AS AUSTRALIAN companies required to comply with the US Sarbanes-Oxley Act (SOX) begin compliance, it has emerged that European companies are least happy globally with the governance law.
While Sarbanes-Oxley, passed in the wake of the Enron collapse and designed to shore up reporting and controls, is a domestic US law, any foreign firm listed in the US, planning to list, or subsidiary of a US listed firm, must comply with the governance legislation.
A global study from European accountants Mazars, found that close to 20 per cent of European companies are planning to de-list from the US markets to avoid complying and more than half feel the costs outweigh the benefits. The UK-based bank HSBC, for example, spent $38 million in its most recent financial year just complying with one section of the Act.
However, beyond Europe, views on SOX moderated significantly. Among Asian firms, there was a much more upbeat view of SOX. Every Chinese firm surveyed felt the benefits of SOX outweighed the costs, while 83 per cent of Indian companies agreed. Moreover, more than 80 per cent of companies in Asia had no intention of de-listing from the US in any circumstance. Australian companies registered with the US Securities and Exchange Commission (SEC) began compliance on 15 July.
Australian retail giant Coles Myer announced its intention to de-list from the New York Stock Exchange (NYSE) in January of this year, but is so far the biggest Australian firm to make the move. While it did not specifically blame SOX, the company said that the cost of listing on the NYSE, the London Stock Exchange and the New Zealand Stock Exchange, coupled with relatively low trading volumes, had prompted the move back to the Australian Stock Exchange. The first major Australian filers will be ANZ, Westpac and NAB on 30 September.
Despite the Coles de-list, observers said Australian companies filing with the SEC are relatively well-placed to avoid some of the expensive mistakes made by their US counterparts in the initial year of US compliance. Studies suggest that US firms are set to spend $8.4 billion on SOX compliance this year.

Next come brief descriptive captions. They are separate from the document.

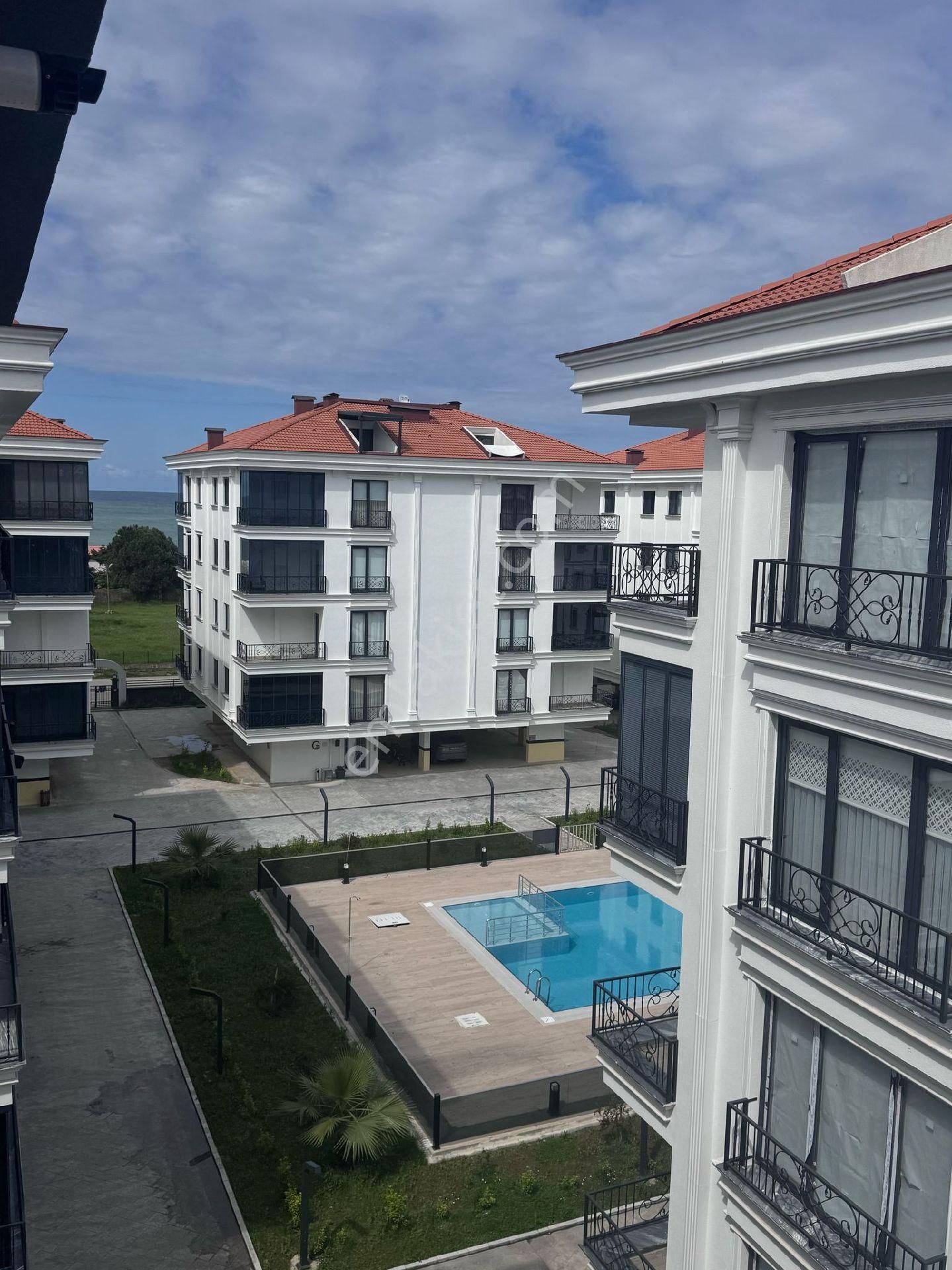Cumhuriyet Mahallesinde Lüks Sitede Sıfır Lüks Eşyalı Kiralık Daire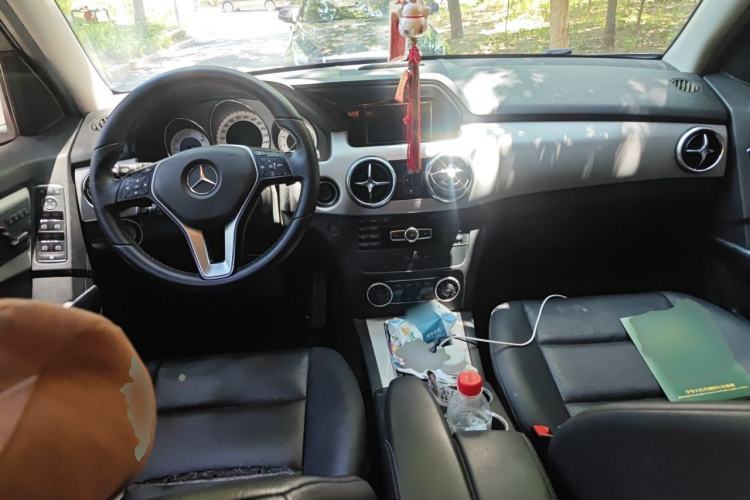 Used Mercedes-Benz GLK-Class 2014 GLK 260 4MATIC Dynamic Model Center Console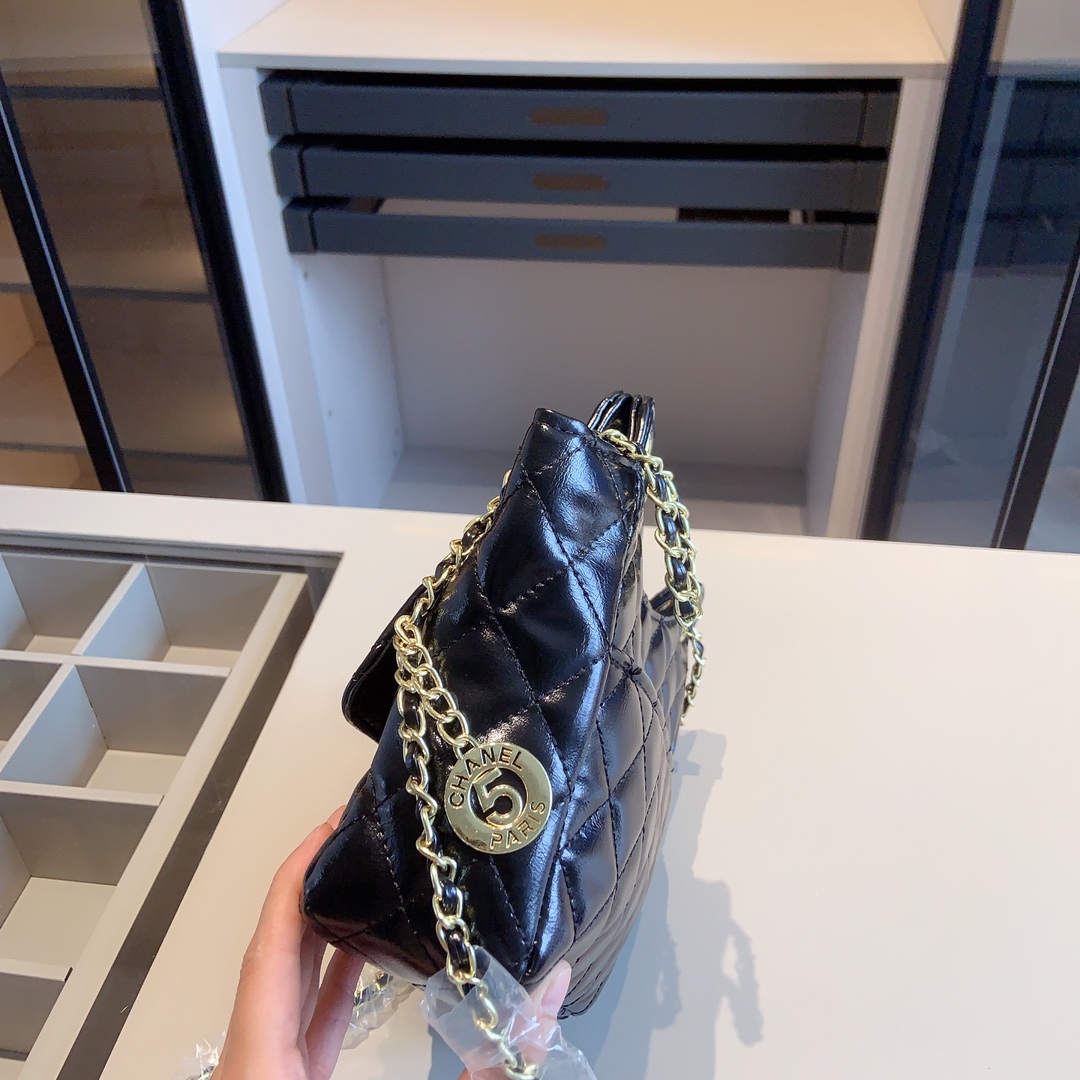 CHANEL シャネルギフトセット 3点 セット hoboバック＋財布＋マフラー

However, Australian registrants should avoid such costs. “If we compare SOX 404 to a marathon, US companies have entered for the last two years,” said Geoff Wilson, national managing partner of audit and risk advisory services at KPMG. “Even though Australian companies have observed the race with great optimism, it’s impossible to say how we’ll fare until we’ve actually raced.”

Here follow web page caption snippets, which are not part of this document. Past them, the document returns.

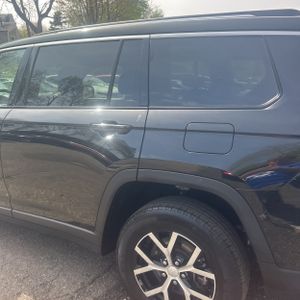 JEEP GRAND CHEROKEE L LIMITED - 6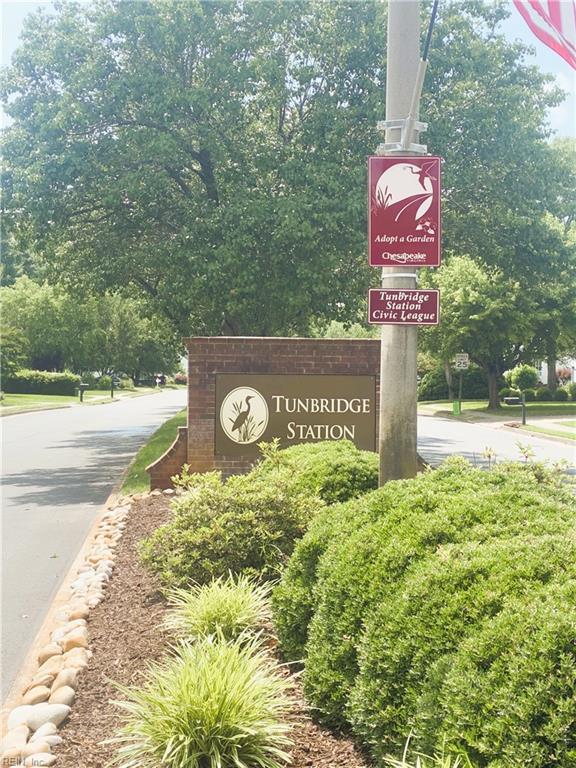 937 Marble Arch, Chesapeake, VA 23322 - exterior view
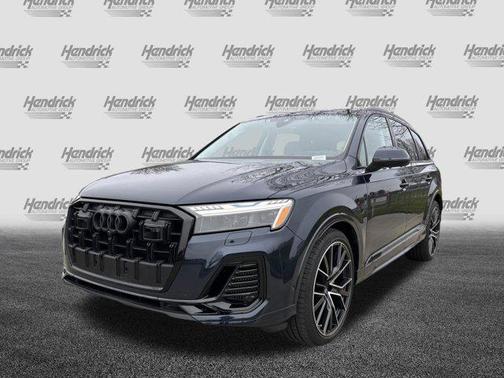 2025 Audi Q7 55 Prestige
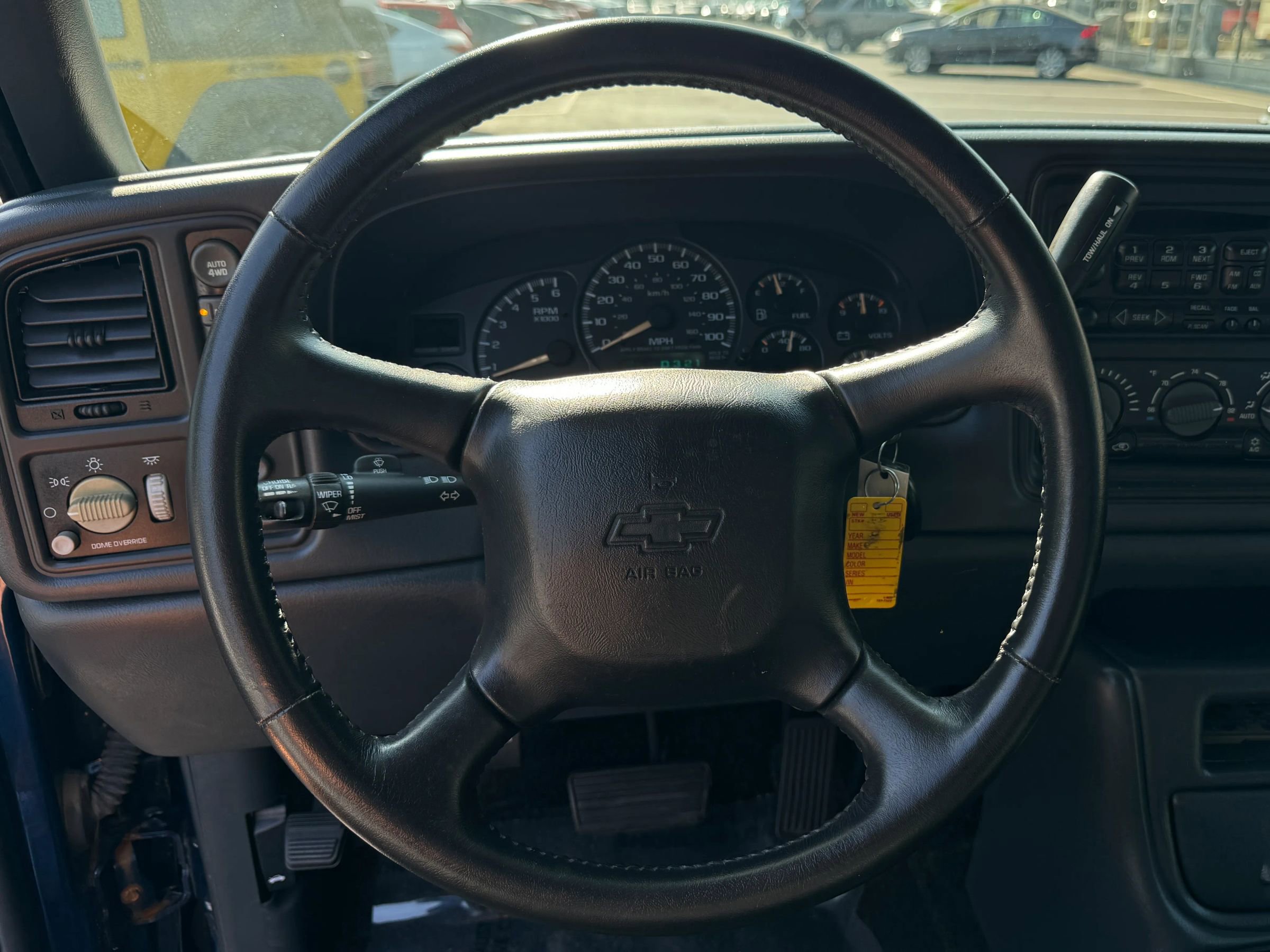 Used 2002 Chevrolet Avalanche 4x4 w/ Off-Road Suspension Pkg image 17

Brian Bogardus, a KPMG partner, added that firms are increasingly looking for business benefits from SOX, rather than just regulatory compliance. “SOX appears to be with us for some time to come, so it makes sense to translate the initial investment into real performance improvement initiatives. We are seeing companies move from ‘how do we comply with 404? [the most expensive section to comply with]’ to ‘how do we use the improved controls to gain competitive advantage?’. The cost of SOX will drop and stabilise as companies, their auditors and the regulators become more comfortable with the requirements of compliance, however, it is important that we walk before we run,” Bogardus said.